■ DATA RECORDS ■

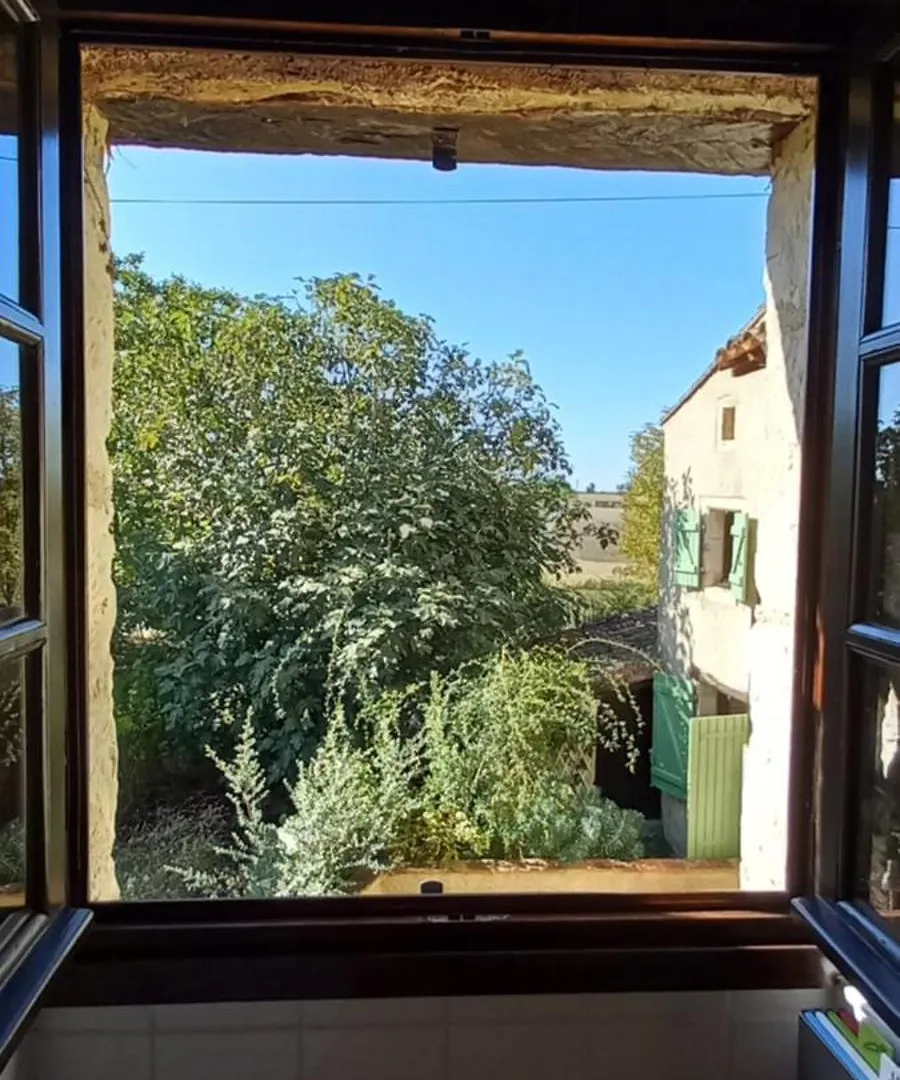 Gite De La Tarabelle, Maison Entiere Avec Grand Patio Et Spa A La Campagne Frausseilles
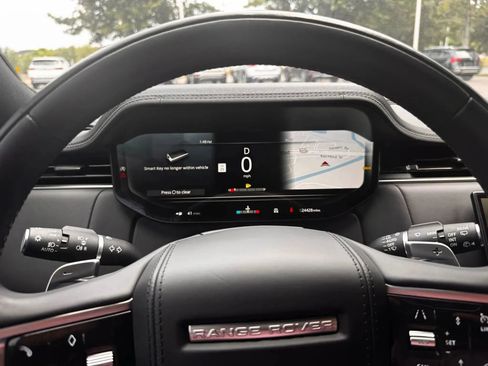 Used 2023 Land Rover Range Rover SE image 34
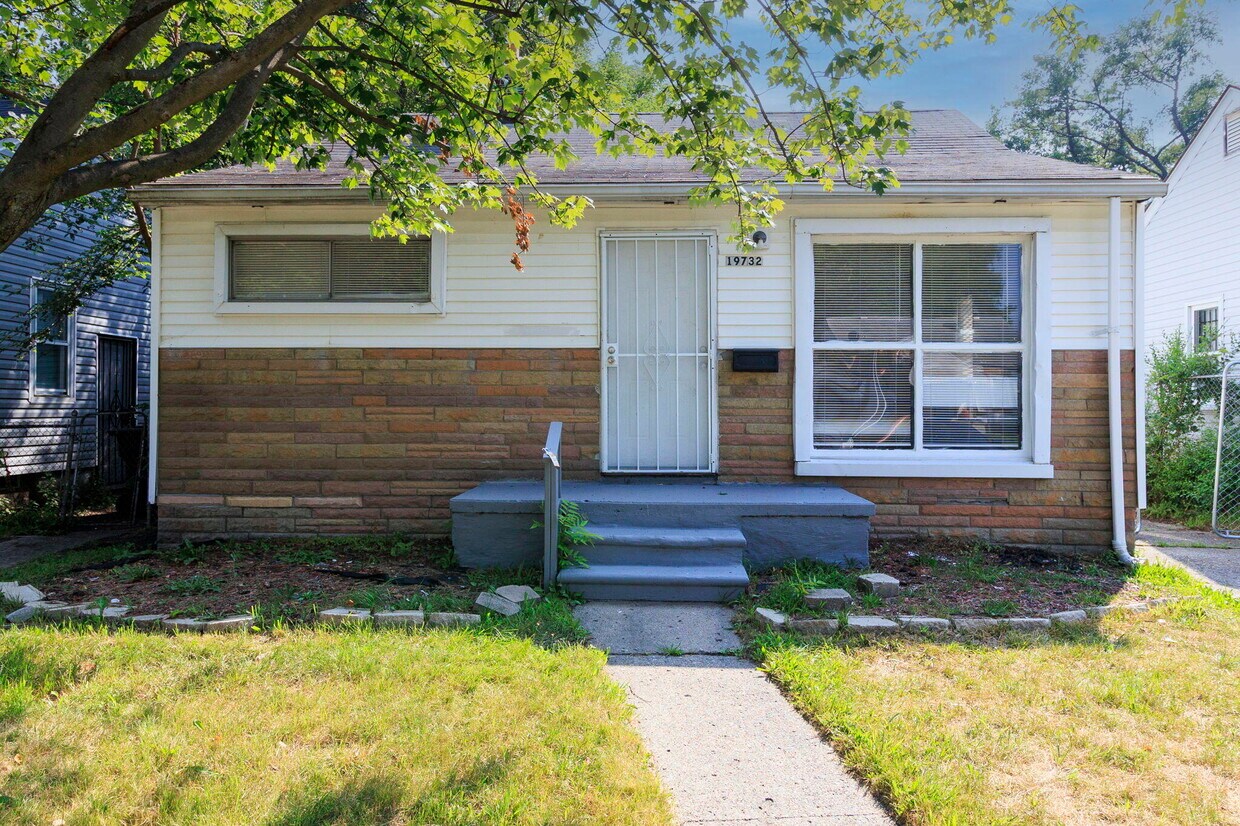 Foto principal - 19732 Runyon St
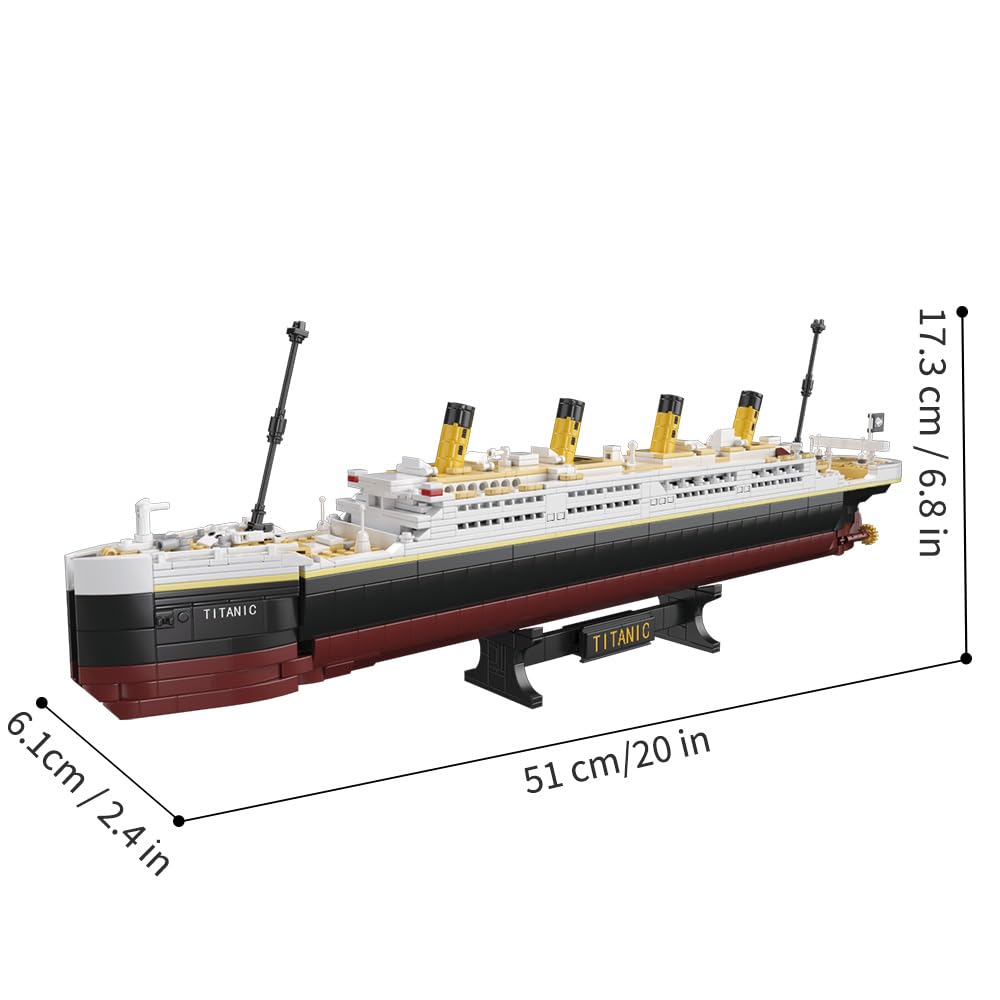 NETEHU Titanic deck and railing details emphasize architectural accuracy.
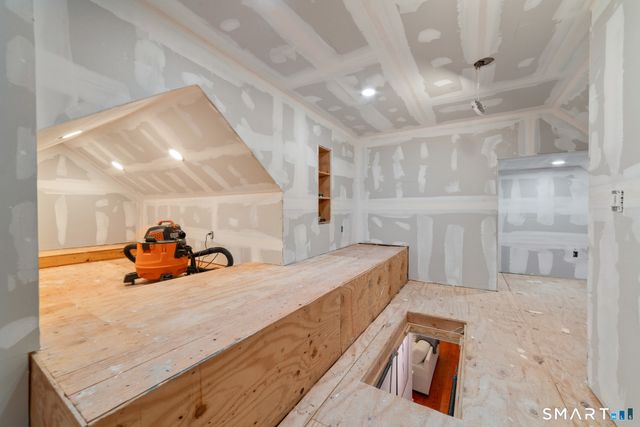 611 Kent Road, New Milford, CT 06776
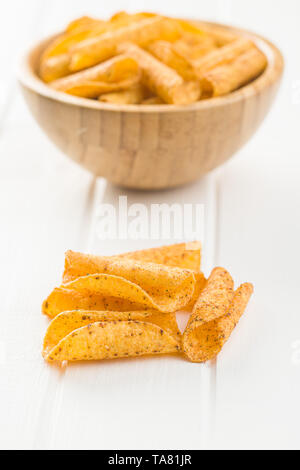 Laminati tortilla chips sul tavolo bianco. Foto Stock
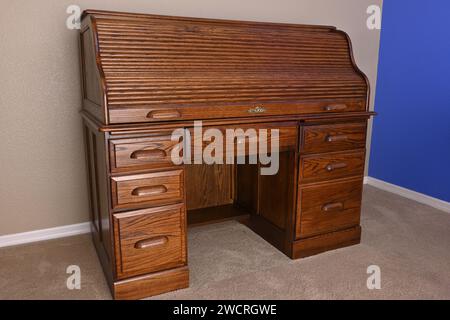 Vecchia scrivania con letto a rotelle, mobili in quercia, antiquariato, vintage, rétro nella tana degli uffici Foto Stock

■ WORK ORDER ■
Quote, please, every line of the material above from its start through the line that has "611 Kent Road, New Milford, CT 06776", reproducing the words exactly and dropping any images.

■ RESULT ■
 Gite De La Tarabelle, Maison Entiere Avec Grand Patio Et Spa A La Campagne Frausseilles
 Used 2023 Land Rover Range Rover SE image 34
 Foto principal - 19732 Runyon St
 NETEHU Titanic deck and railing details emphasize architectural accuracy.
 611 Kent Road, New Milford, CT 06776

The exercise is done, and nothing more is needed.